Brief descriptive captions:
┏━━
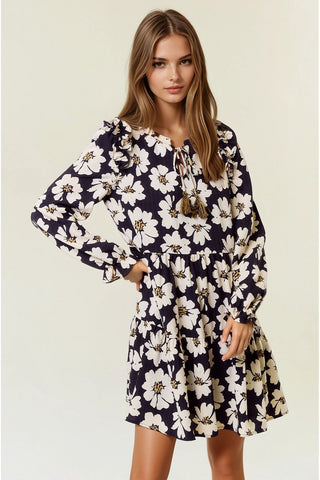 Wildflower Whimsy: Ruffled Floral Mini Dress in Dijon & Black-Dress-Doe & Rae-Stella Violet Boutique in Arvada, Colorado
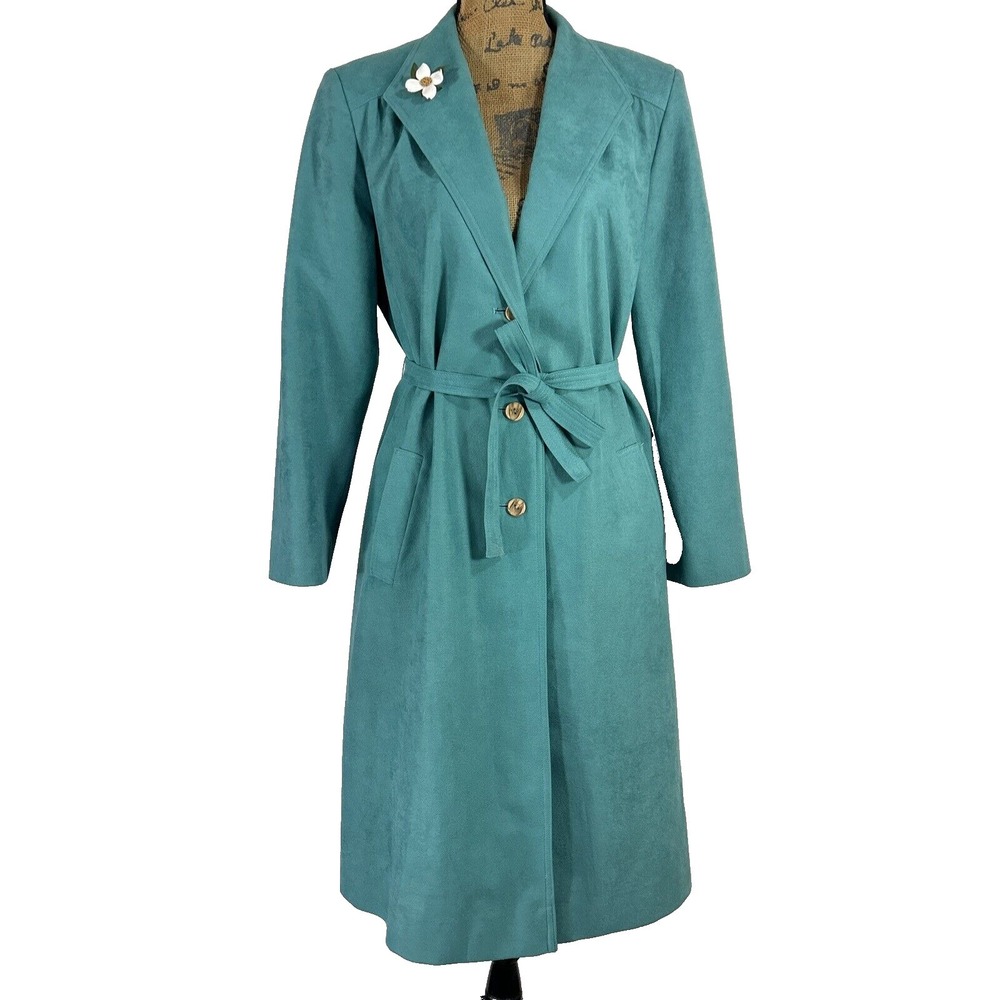 VTG Fashionbilt Jacket Green Suede‎ Dogwood Lapel Pin Belt All Seasons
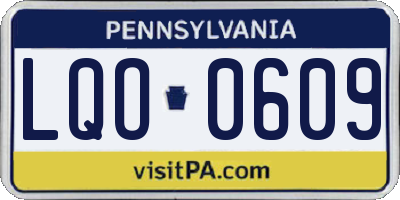 PA license plate LQO0609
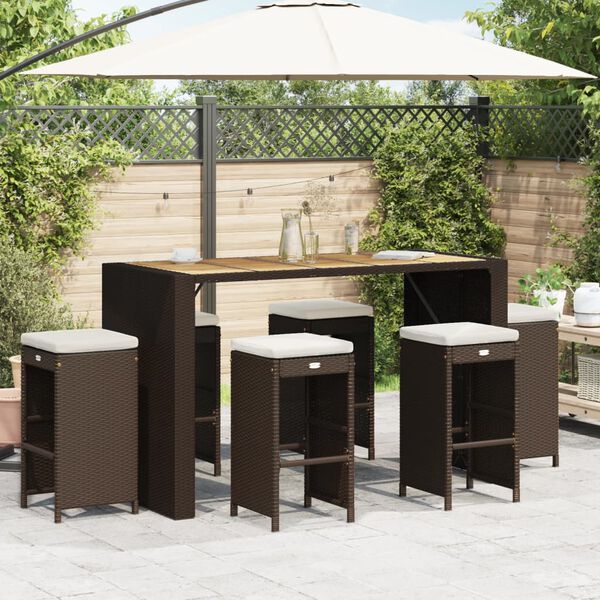 vidaXL Garden Bar Stools with Cushions 6 pcs Brown Poly Rattan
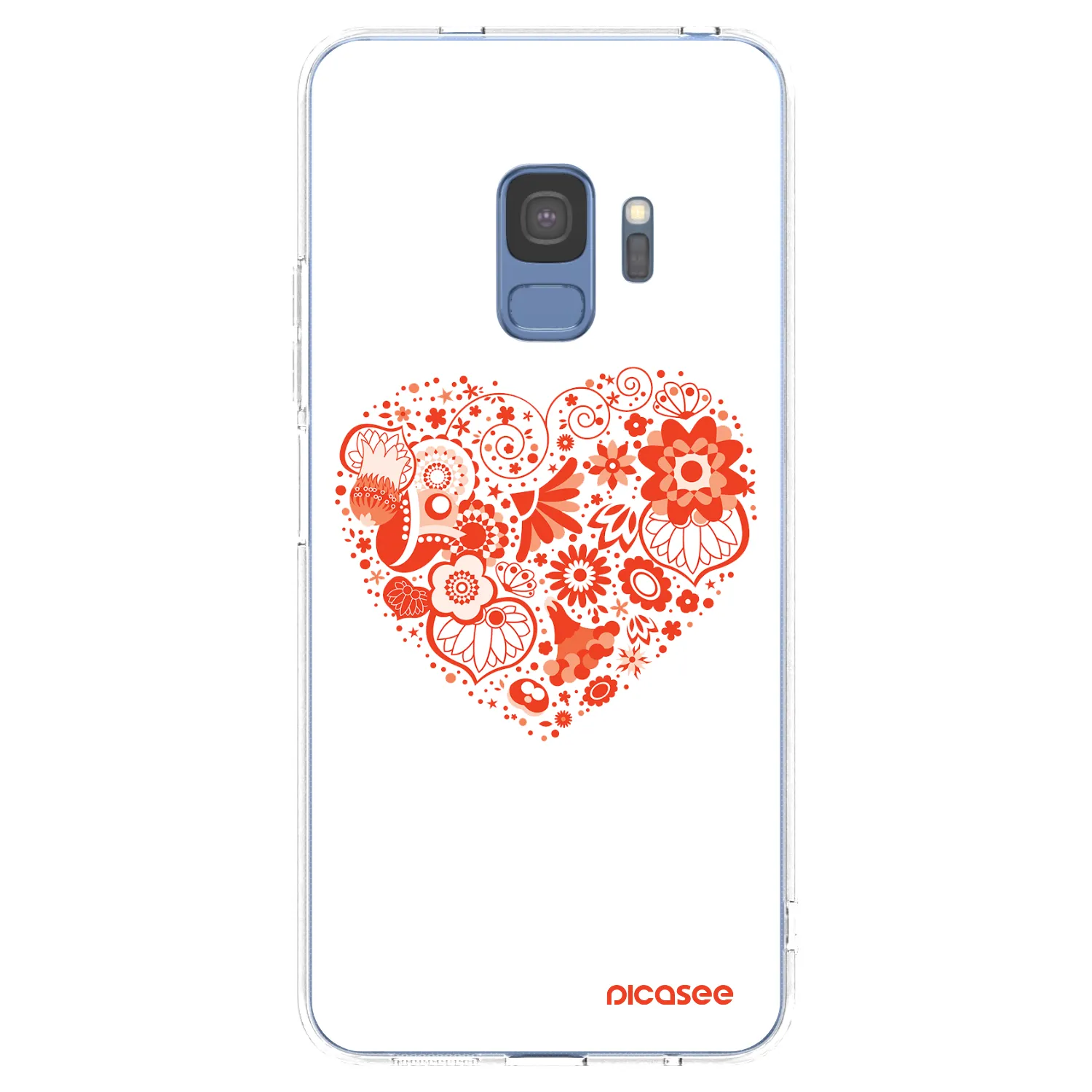 Picasee silikonový průhledný obal pro Samsung Galaxy S9 G960F - Velké srdce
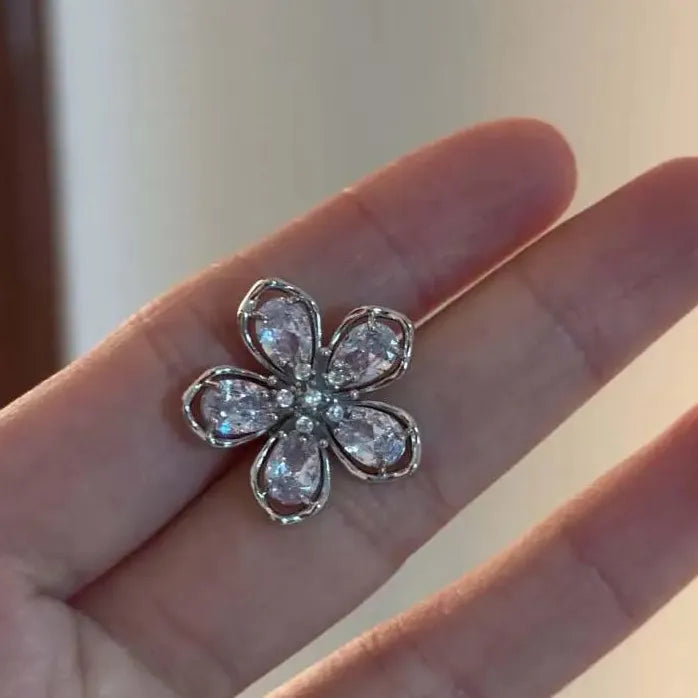 Delicate Zircon Hollow Five Petal Flower Clip Earrings Ear Cuff Women Gift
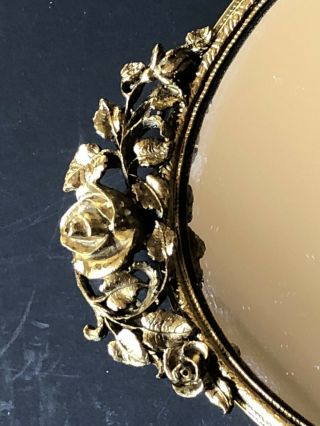 Vintage Gold Gilt Matson Signed Hollywood Regency Mirror Roses Antique 24 Karat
┗━━
What the task requires: Repeat the full set of records exactly, and output no pictures.

Exercise solution:
 Wildflower Whimsy: Ruffled Floral Mini Dress in Dijon & Black-Dress-Doe & Rae-Stella Violet Boutique in Arvada, Colorado
 VTG Fashionbilt Jacket Green Suede‎ Dogwood Lapel Pin Belt All Seasons
 PA license plate LQO0609
 vidaXL Garden Bar Stools with Cushions 6 pcs Brown Poly Rattan
 Picasee silikonový průhledný obal pro Samsung Galaxy S9 G960F - Velké srdce
 Delicate Zircon Hollow Five Petal Flower Clip Earrings Ear Cuff Women Gift
 Vintage Gold Gilt Matson Signed Hollywood Regency Mirror Roses Antique 24 Karat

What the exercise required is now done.